§ **TASK TO CARRY OUT**: Repeat the data exactly, leaving out any image.

§ **SOURCE MATERIAL**:
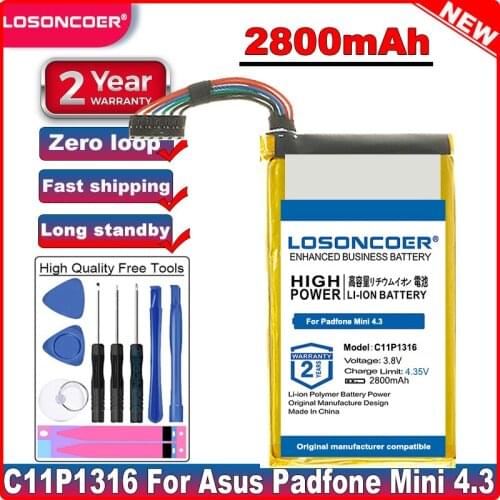 LOSONCOER Good Quality Battery 2800mAh C11P1316 Battery for Asus Padfone Mini 4.3 4.3 Station A11 Station PF400CG T00C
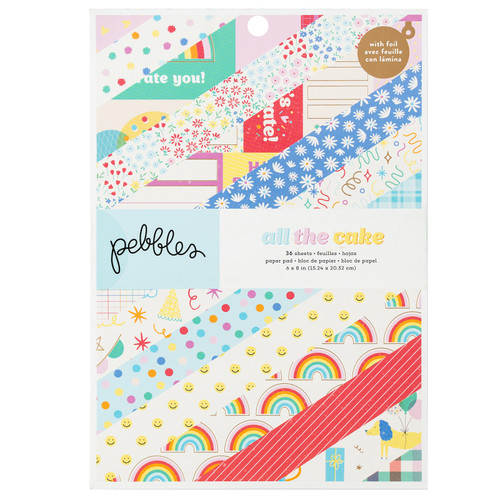 Pebbles All The Cake Single-Sided Paper Pad 6"X8" 18/Pkg-With Gold Foil - PB022076 - 765468060682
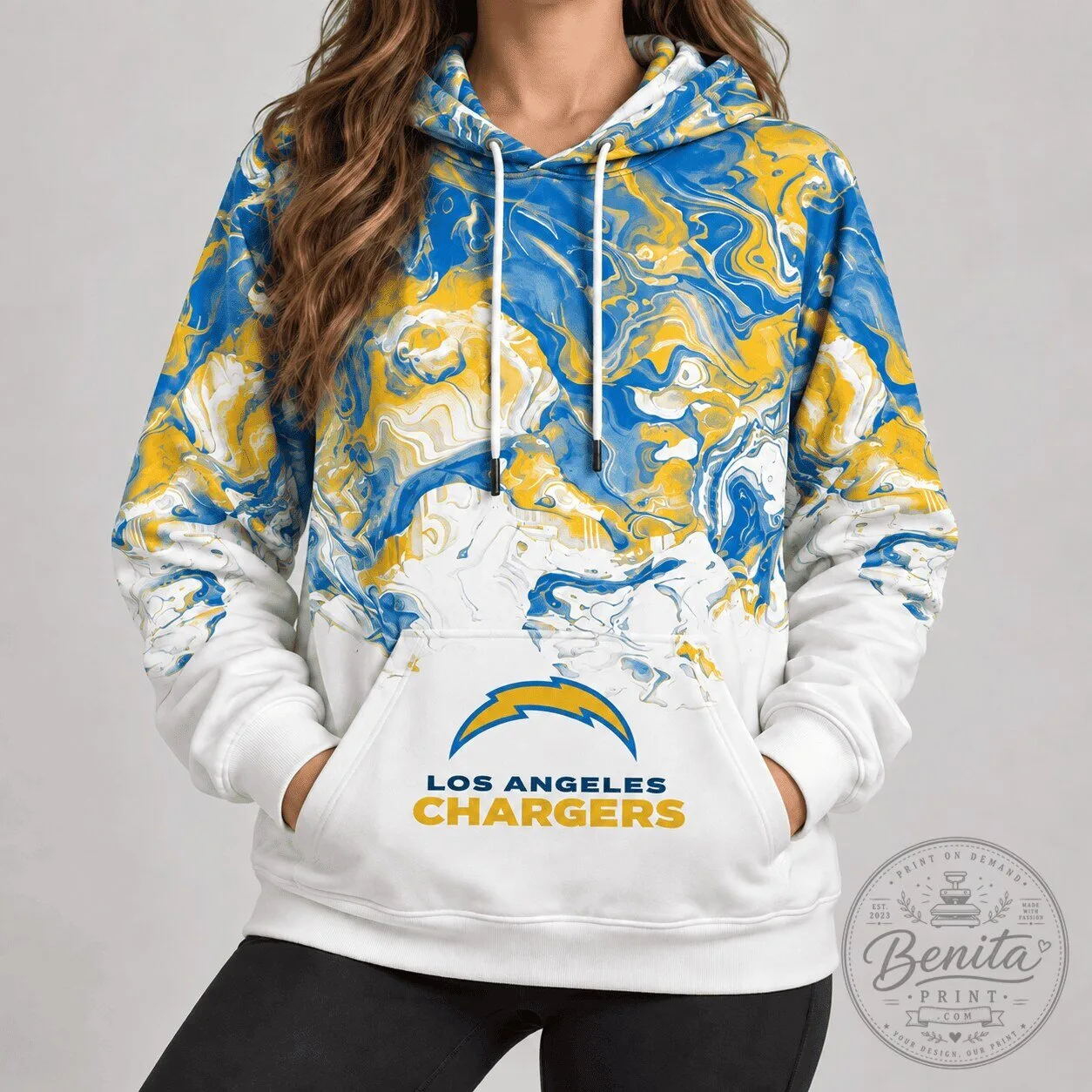 Los Angeles Chargers Football Team Colors Swirl Pattern Hoodie 5 Los Angeles Chargers Football Team Colors Swirl Pattern Hoodie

§ **EXERCISE ANSWER**:
 LOSONCOER Good Quality Battery 2800mAh C11P1316 Battery for Asus Padfone Mini 4.3 4.3 Station A11 Station PF400CG T00C
 Pebbles All The Cake Single-Sided Paper Pad 6"X8" 18/Pkg-With Gold Foil - PB022076 - 765468060682
 Los Angeles Chargers Football Team Colors Swirl Pattern Hoodie 5 Los Angeles Chargers Football Team Colors Swirl Pattern Hoodie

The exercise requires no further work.